● Assignment
Would you set down the data that follows, word for word, without any pictures?

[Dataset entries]
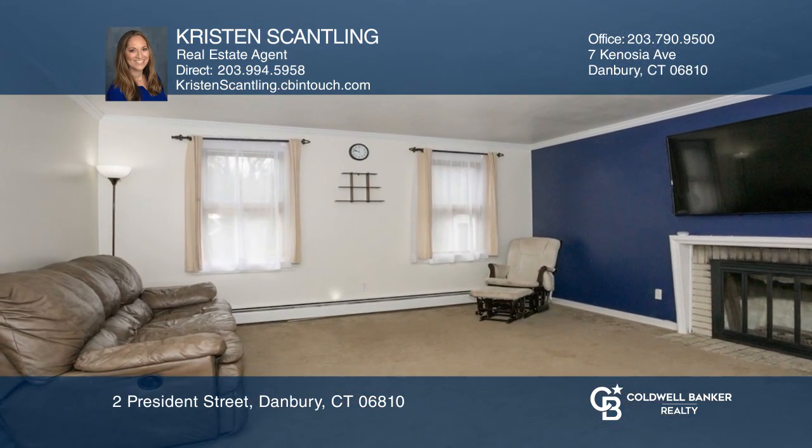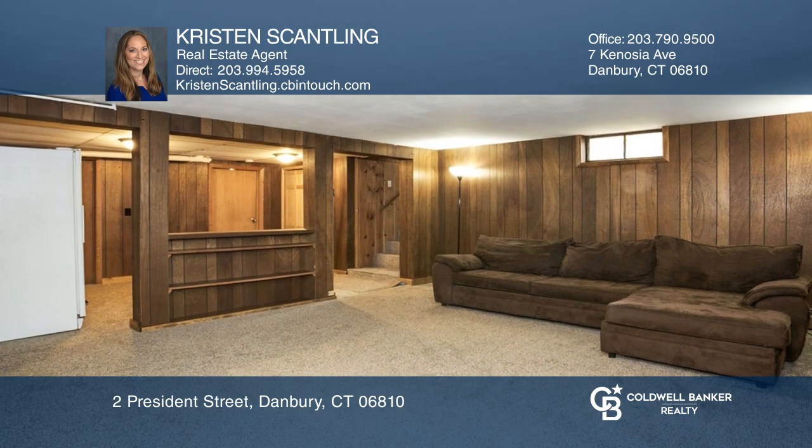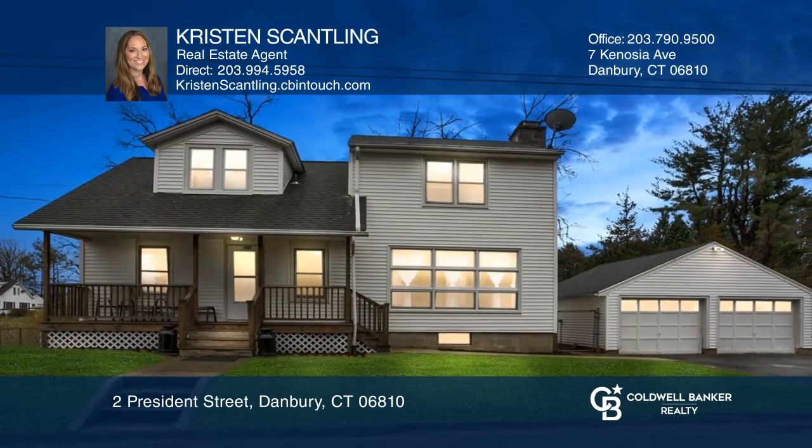The large living room has a fireplace, and the finished lower level has a kitchenette. Make your dream come true by scheduling a tour with Kristen Scantling.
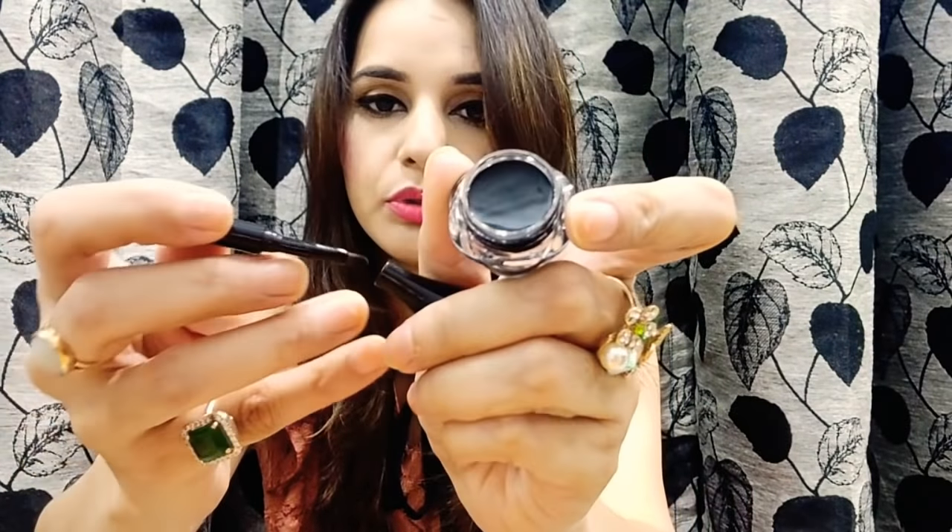The next one is from Blue Heaven — this is a kajal. I love the packing; it's really cute. The price is ₹125. As you know, Blue Heaven is a decent brand. This is a liner or kajal, whichever you prefer to call it. I'm happy to receive this one — it's very affordable and the packing is lovely.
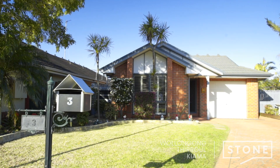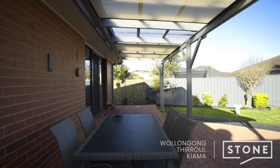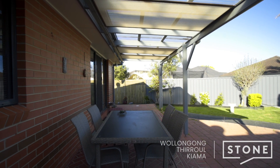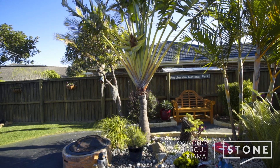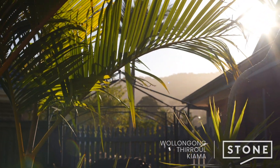This single level home offers an open plan living layout, opening to a fully landscaped yard perfect for a small dog or young children. The garden is a beautiful sunny spot and from here you will enjoy sweeping escarpment views.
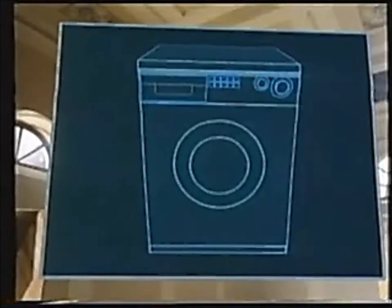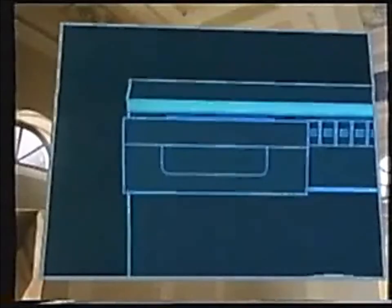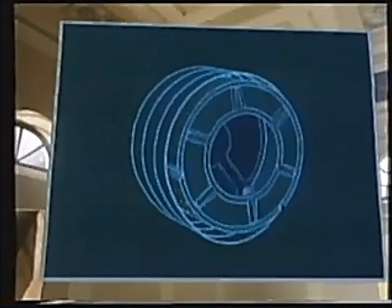Hey, look, some of the girls have helped Candy to design their new washing machine. Well, jolly good for them. They've made the door higher than before. Oh, I like the sound of that. This is interesting — five compartments, so it uses detergent really efficiently. Now you're talking. The tub and drum are stainless steel, so they're designed to last.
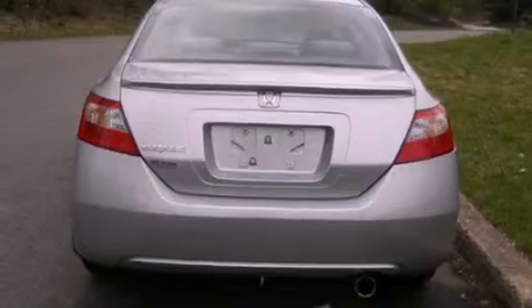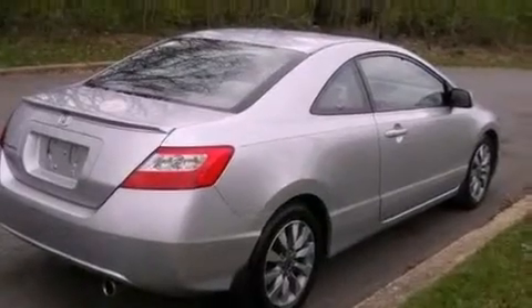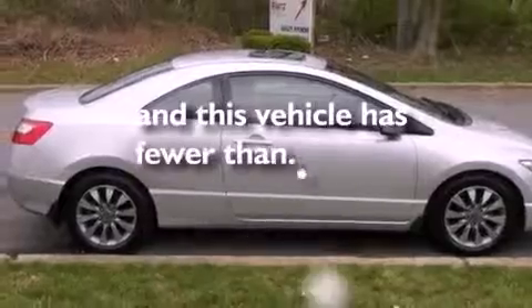All of the following features are included: a multi-link rear suspension, air conditioning, an electronic throttle, 16-inch alloy wheels, front and rear floor mats, side curtain airbags, and this vehicle has less than 39,000 miles.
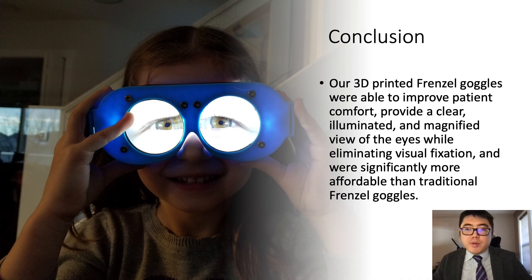However, in summary, our 3D printed Frenzel goggles were able to significantly improve on patient comfort, provide a clear magnified view of the eyes while eliminating visual fixation, and were significantly more affordable than the original counterpart. They also have the advantage of having a pediatric model available. Thank you very much for listening. We hope to conduct clinical studies utilizing both sets of goggles in the future in neuro-ophthalmology and neuro-vestibular clinics.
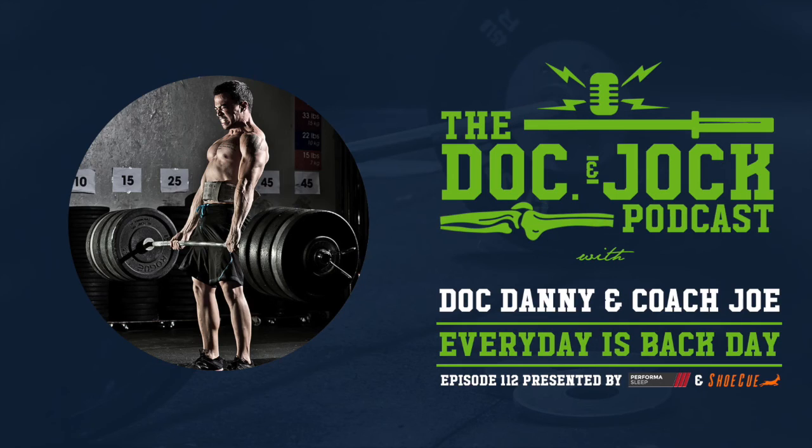What's going on, gang? Coach Joe here to talk to you about Performa Sleep. Performa Sleep has worked with industry experts to develop the ideal mattress for athletes and active people looking to improve their performance through better sleep. Every single Performa Sleep mattress is made in the USA and ships quickly from their warehouse to your door. I sleep on a Performa Sleep mattress — I absolutely love it. It's the only mattress on the market with copper cool technology, and as a guy who sleeps hot and sweats, I don't anymore. Check it out — Lauren Fisher, Emily Bridgers, Scott Panchik are all on the Performa Sleep mattress. Head over to performasleep.com and click the big red 'Buy Now' button.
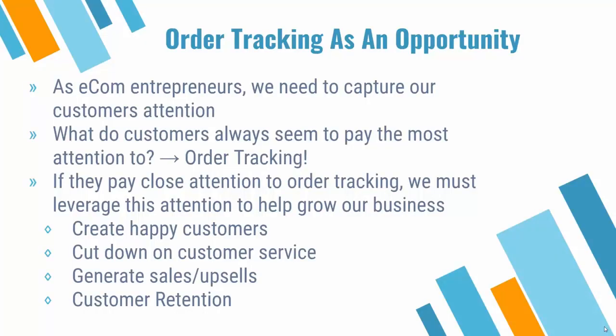I'm going to teach you why this works real quick. As e-com entrepreneurs, our number one job is to capture our customer's attention. From step one, you're running an ad, you need to get their attention to stop scrolling on Facebook or Instagram, or not skip the ad on YouTube. Then we need them to click the ad, pay attention to what's on the page, buy it, and put in all their information and credit card details at checkout.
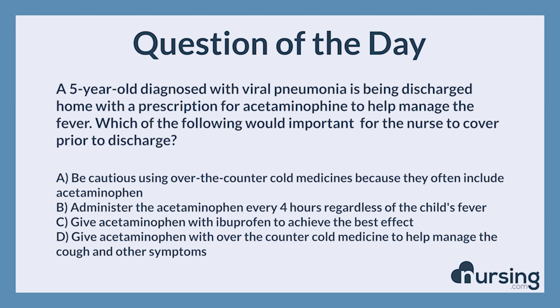Are you looking for the best NCLEX question bank on the planet with the most detailed rationales? Head over to nursing.com/NCLEX to check out our NCLEX prep products. Happy nursing.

● Exercise result
The large living room has a fireplace, and the finished lower level has a kitchenette. Make your dream come true by scheduling a tour with Kristen Scantling.
The next one is from Blue Heaven — this is a kajal. I love the packing; it's really cute. The price is ₹125. As you know, Blue Heaven is a decent brand. This is a liner or kajal, whichever you prefer to call it. I'm happy to receive this one — it's very affordable and the packing is lovely.
This single level home offers an open plan living layout, opening to a fully landscaped yard perfect for a small dog or young children. The garden is a beautiful sunny spot and from here you will enjoy sweeping escarpment views.
Hey, look, some of the girls have helped Candy to design their new washing machine. Well, jolly good for them. They've made the door higher than before. Oh, I like the sound of that. This is interesting — five compartments, so it uses detergent really efficiently. Now you're talking. The tub and drum are stainless steel, so they're designed to last.
All of the following features are included: a multi-link rear suspension, air conditioning, an electronic throttle, 16-inch alloy wheels, front and rear floor mats, side curtain airbags, and this vehicle has less than 39,000 miles.
However, in summary, our 3D printed Frenzel goggles were able to significantly improve on patient comfort, provide a clear magnified view of the eyes while eliminating visual fixation, and were significantly more affordable than the original counterpart. They also have the advantage of having a pediatric model available. Thank you very much for listening. We hope to conduct clinical studies utilizing both sets of goggles in the future in neuro-ophthalmology and neuro-vestibular clinics.
What's going on, gang? Coach Joe here to talk to you about Performa Sleep. Performa Sleep has worked with industry experts to develop the ideal mattress for athletes and active people looking to improve their performance through better sleep. Every single Performa Sleep mattress is made in the USA and ships quickly from their warehouse to your door. I sleep on a Performa Sleep mattress — I absolutely love it. It's the only mattress on the market with copper cool technology, and as a guy who sleeps hot and sweats, I don't anymore. Check it out — Lauren Fisher, Emily Bridgers, Scott Panchik are all on the Performa Sleep mattress. Head over to performasleep.com and click the big red 'Buy Now' button.
I'm going to teach you why this works real quick. As e-com entrepreneurs, our number one job is to capture our customer's attention. From step one, you're running an ad, you need to get their attention to stop scrolling on Facebook or Instagram, or not skip the ad on YouTube. Then we need them to click the ad, pay attention to what's on the page, buy it, and put in all their information and credit card details at checkout.
Are you looking for the best NCLEX question bank on the planet with the most detailed rationales? Head over to nursing.com/NCLEX to check out our NCLEX prep products. Happy nursing.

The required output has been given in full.